A section of C.G. Jung's "Psychological Aspects of the Mother Archetype" — Jung's catalogue of feminine archetypes, personality types, or ways of developing as a woman. The Great Mother and other archetypes are discussed in this section.

The "Nothing-But" Daughter is someone whose identification with her mother is so complete that she has a hard time finding any self at all. She is the third of four types Jung describes. In Jung's view, the way this is resolved, if it is ever resolved, "there is a good chance of the empty vessel being filled by a potent anima projection."

"...she has to be literally abducted or stolen from her mother. Moreover, she must play the role mapped out for her for a long time and with great effort until she actually comes to loathe it. In this way she may perhaps discover who she really is."
In other words, she needs a man, or someone very like Jung's notion of a man, which is to say someone who is "out" in the world, working, achieving, someone she can project her own talents onto, and thereby develop her gifts (in a sense).

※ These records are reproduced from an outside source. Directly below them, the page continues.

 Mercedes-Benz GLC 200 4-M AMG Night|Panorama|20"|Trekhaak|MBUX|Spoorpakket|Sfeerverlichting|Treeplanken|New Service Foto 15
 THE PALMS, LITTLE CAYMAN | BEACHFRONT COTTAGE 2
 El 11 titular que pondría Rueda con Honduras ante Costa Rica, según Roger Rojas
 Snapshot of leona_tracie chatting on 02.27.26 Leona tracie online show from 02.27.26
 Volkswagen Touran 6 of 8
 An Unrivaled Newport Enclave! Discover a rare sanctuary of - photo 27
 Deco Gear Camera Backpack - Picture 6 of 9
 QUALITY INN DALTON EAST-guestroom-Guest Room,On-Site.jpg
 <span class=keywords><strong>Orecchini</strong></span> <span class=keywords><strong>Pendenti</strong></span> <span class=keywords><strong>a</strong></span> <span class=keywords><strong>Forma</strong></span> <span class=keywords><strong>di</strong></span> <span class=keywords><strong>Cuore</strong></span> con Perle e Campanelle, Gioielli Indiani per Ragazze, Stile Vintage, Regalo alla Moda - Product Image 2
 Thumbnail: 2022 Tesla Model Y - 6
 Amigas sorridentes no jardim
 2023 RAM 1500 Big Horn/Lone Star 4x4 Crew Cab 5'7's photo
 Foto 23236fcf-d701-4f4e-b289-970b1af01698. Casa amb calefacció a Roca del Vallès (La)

It is in this section that Jung suggests that the "great feminine secret" is emptiness, the unplumbed depths, the yin. Something few men can — or are willing to — understand because it is so alien to them. Perhaps not alien, but something they can see in themselves only with great unease?

It is an emptiness that may be strangely attractive, that a man may "lose himself in" and probably does something to explain how conflicted many men seem to be when it comes to "commitment," to forming any durable attachments to women other than their mothers.